Aber nicht nur die innovative Produktpalette, sondern auch die globale Repräsentanz des AT&T-Konzerns verspricht Erfolge. Während sich die Geschäfte des Telefonkonzerns weitgehend auf die Vereinigten Staaten beschränken, ist NCR ein weltweit aktives Unternehmen. Der 56000-Mitarbeiter-Konzern verfügt über Niederlassungen in mehr als 120 Ländern und erzielt ungefähr 60 Prozent seiner Umsätze im Ausland. AT&T dagegen beschäftigt von weltweit 279 000 Angestellten insgesamt 20 000 Mitarbeiter außerhalb der Vereinigten Staaten - nur ein Teil davon arbeitet im Computergeschäft.

Um das Take-over schnell zum Abschluß zu bringen, zeigt sich der Telefonkonzern kompromißbereit. Amerikanische NCR-Mitarbeiter sollen im Falle eines Mergers weiterhin im Hauptquartier in Dayton/Ohio beschäftigt werden. Der Konzern wird nach Vorstellungen von AT&T künftig den Kern des gemeinsamen Computergeschäftes bilden.
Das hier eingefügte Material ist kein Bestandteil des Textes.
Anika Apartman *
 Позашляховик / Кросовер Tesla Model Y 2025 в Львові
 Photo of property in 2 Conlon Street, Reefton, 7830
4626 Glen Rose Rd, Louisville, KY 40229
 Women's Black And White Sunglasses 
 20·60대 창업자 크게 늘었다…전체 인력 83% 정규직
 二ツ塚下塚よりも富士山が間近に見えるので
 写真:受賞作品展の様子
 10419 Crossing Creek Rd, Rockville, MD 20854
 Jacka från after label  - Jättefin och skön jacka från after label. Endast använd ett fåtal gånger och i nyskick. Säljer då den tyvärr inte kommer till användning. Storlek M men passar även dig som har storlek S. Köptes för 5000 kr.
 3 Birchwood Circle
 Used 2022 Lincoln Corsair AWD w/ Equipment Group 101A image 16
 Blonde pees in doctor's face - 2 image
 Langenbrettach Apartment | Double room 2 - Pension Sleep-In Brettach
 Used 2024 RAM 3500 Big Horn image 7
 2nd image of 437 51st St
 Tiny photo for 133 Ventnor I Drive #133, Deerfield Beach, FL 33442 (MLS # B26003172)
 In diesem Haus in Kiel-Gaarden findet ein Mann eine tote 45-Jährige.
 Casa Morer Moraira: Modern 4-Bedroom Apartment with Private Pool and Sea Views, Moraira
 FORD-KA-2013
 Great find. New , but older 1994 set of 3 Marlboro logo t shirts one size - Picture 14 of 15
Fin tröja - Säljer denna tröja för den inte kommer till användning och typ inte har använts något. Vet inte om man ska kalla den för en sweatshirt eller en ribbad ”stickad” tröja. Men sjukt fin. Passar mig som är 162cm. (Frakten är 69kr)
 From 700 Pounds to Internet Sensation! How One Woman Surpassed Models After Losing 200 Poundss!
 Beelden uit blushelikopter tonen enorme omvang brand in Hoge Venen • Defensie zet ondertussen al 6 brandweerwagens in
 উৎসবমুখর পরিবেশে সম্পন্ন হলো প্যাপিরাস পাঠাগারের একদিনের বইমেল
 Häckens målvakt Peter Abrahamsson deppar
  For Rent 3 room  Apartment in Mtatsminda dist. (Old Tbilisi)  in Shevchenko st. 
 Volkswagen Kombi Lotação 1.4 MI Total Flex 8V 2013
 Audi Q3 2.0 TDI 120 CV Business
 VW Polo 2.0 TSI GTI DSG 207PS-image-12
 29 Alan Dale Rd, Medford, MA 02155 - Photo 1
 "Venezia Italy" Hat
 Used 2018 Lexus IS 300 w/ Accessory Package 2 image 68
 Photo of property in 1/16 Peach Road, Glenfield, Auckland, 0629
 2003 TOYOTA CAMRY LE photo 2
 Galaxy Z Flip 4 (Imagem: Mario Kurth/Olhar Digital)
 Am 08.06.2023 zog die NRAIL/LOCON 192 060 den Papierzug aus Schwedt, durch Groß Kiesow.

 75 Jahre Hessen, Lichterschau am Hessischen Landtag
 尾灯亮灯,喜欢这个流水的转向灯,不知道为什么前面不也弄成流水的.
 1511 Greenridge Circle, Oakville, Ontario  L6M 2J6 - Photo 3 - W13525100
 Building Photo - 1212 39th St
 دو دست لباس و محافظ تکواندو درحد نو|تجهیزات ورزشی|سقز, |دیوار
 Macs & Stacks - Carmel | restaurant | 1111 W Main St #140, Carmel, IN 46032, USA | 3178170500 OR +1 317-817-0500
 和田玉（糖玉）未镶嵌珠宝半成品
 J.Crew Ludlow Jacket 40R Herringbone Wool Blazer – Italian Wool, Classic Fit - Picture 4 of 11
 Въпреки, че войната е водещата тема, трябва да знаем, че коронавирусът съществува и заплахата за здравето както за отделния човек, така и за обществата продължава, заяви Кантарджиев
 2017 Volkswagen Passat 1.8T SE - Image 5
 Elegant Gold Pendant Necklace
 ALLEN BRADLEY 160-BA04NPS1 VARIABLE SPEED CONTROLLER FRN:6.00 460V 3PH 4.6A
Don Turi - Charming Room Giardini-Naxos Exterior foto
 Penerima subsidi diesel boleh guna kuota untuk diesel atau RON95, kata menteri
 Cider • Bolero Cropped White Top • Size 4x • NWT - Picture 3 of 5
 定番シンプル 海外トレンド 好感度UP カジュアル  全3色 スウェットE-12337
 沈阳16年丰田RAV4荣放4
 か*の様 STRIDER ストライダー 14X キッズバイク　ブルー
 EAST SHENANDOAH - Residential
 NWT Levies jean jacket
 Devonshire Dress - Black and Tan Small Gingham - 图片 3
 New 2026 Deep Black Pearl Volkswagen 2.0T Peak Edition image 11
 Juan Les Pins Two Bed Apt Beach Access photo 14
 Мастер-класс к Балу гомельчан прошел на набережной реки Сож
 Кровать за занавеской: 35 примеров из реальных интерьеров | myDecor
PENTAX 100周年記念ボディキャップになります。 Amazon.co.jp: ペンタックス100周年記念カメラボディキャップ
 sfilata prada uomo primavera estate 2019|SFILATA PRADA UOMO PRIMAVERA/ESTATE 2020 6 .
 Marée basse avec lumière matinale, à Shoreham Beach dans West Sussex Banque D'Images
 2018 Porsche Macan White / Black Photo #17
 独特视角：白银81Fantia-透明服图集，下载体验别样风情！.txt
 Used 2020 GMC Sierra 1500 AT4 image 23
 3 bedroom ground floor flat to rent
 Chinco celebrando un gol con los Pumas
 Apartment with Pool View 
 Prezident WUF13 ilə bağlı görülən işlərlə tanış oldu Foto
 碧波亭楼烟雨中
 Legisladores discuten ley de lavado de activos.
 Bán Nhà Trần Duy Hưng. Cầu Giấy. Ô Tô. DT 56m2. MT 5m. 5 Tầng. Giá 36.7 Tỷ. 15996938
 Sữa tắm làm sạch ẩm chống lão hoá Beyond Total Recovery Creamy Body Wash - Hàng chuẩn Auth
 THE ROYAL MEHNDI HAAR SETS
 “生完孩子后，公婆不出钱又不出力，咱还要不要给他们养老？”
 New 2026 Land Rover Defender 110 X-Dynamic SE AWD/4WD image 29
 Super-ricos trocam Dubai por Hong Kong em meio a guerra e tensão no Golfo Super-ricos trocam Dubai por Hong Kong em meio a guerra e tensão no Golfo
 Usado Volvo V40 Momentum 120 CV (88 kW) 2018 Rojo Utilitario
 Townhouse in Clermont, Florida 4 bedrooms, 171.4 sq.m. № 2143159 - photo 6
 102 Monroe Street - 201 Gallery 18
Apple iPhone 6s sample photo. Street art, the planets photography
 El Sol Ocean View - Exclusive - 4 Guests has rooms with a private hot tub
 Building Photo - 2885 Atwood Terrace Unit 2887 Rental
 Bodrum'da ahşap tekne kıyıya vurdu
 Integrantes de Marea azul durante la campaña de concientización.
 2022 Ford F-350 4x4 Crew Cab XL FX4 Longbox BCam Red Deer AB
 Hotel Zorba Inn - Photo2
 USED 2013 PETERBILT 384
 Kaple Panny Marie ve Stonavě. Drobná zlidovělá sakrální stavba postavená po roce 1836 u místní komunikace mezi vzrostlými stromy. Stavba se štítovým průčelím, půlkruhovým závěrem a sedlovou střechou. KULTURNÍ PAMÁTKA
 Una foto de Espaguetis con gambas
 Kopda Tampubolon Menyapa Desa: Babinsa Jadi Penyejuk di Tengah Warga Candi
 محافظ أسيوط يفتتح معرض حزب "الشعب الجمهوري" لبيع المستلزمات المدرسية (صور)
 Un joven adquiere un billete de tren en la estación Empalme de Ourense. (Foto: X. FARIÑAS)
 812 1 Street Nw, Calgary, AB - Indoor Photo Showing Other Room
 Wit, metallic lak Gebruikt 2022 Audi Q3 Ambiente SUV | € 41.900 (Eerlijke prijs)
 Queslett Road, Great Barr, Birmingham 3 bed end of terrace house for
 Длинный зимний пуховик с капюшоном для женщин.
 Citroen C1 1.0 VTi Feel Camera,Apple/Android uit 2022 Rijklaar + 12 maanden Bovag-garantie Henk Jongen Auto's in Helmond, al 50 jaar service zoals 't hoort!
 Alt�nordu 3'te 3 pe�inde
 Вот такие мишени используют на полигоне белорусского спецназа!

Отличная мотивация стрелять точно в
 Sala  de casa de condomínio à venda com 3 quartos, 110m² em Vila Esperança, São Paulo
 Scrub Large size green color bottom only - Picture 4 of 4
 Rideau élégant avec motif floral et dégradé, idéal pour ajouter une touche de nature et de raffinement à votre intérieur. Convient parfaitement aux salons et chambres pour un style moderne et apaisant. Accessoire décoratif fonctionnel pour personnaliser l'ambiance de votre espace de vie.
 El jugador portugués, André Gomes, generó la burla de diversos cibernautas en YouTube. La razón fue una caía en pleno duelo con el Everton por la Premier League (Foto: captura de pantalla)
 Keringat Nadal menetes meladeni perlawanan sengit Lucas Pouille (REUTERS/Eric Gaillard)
Sämtliche NCR-Einrichtungen, so verspricht AT&T, bleiben im Falle einer Fusion weiterhin geöffnet und in Betrieb - sogar der Name soll nicht verändert werden.

Eine Akquisition dieser Größenordnung ist für AT&T neues Terrain, obwohl die Amerikaner in den vergangenen Jahren immer wieder Interesse an verschiedenen Firmen gezeigt hat.